A UDRP complaint was filed for the domain name Outdoor-Fitness.com at the National Arbitration Forum. NAF doesn’t reveal the Complainant before the decision is in but the most obvious Complainant is the owner of the non-hyphenated .com domain: outdoorfitness.com.
Outdoorfitness.com is owned by Outdoor Action Fitness, LLC since 1998. The company has a US registered trademark for “TINA VINDUM’S OUTDOOR FITNESS” since September 29, 2009. Trademark’s first use in commerce is claimed to be March 2006.
Outdoor-Fitness.com was registered in 2004, before the trademark’s first use, but it seems to have changed ownership since then.

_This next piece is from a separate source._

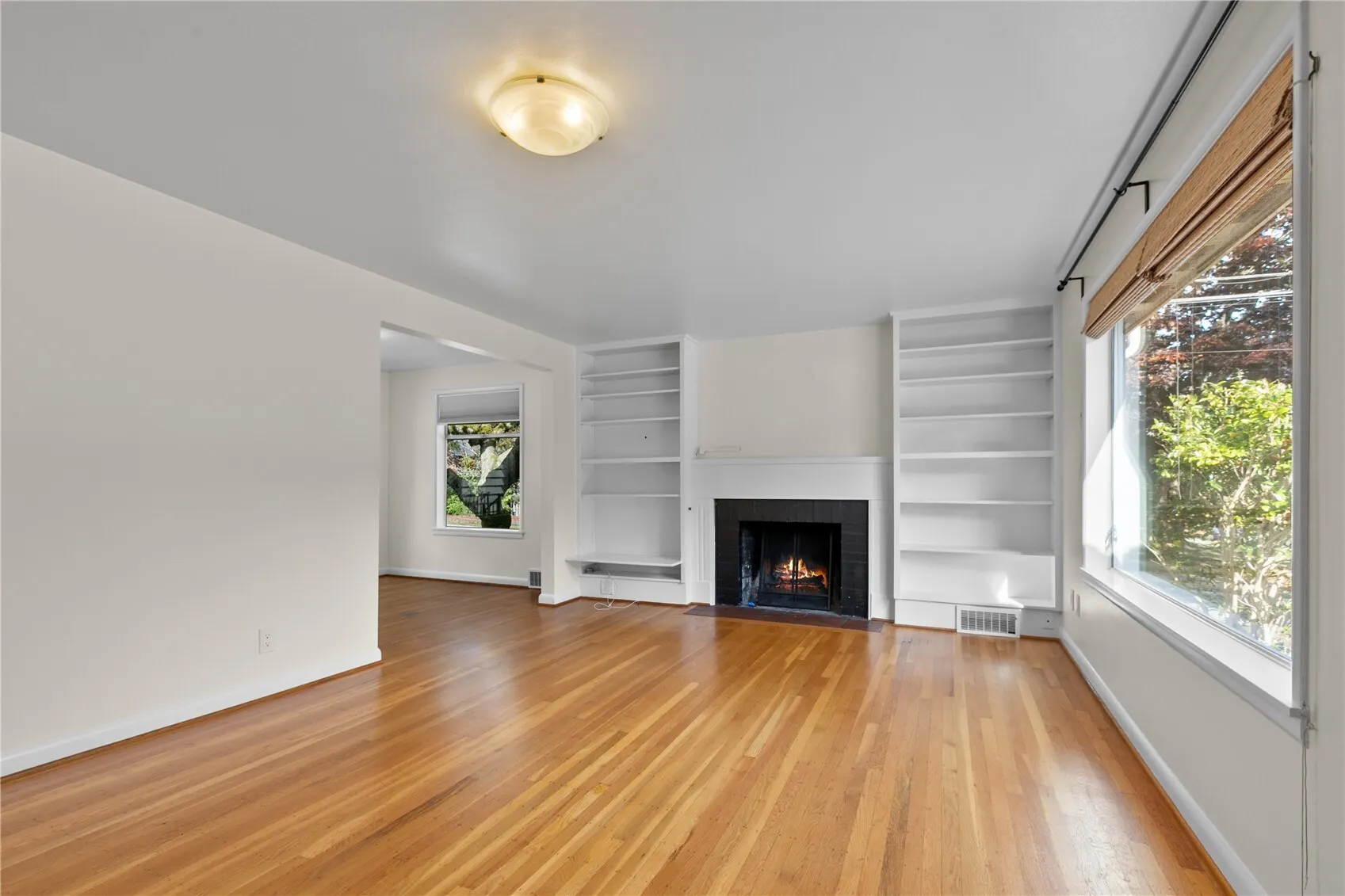 7755 44th Avenue NE, Seattle, WA 98115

All is good so far but this Complaint will be denied. There is a disclaimer in the trademark that is put there to protect descriptive terms like “Outdoor Fitness” and domains like Outdoor-Fitness.com. The disclaimer says:
NO CLAIM IS MADE TO THE EXCLUSIVE RIGHT TO USE “OUTDOOR FITNESS” APART FROM THE MARK AS SHOWN
I am sure that the Complainant knows he shouldn’t have filed for this complaint but he filed it anyway. This is the type of Complaints that should get a Reverse Domain Name Hijacking ruling even if respondent never replies.
Sure, the domain Outdoor-Fitness.com displays fitness PPC ads but how differently could someone use a descriptive domain like this?
Good article. This UDRP complaint definitely has no basis. Those two words are common dictionary words. In the English language there’s only about 12,000 commonly used words. In fact, the first 100 most common words make up about one-half of all written material!
Compare those few thousand everyday used words to the millions and millions of US trademarks that exist today. There’s no possible way that number of trademarks could exist if each mark could hold hostage common words just for themselves.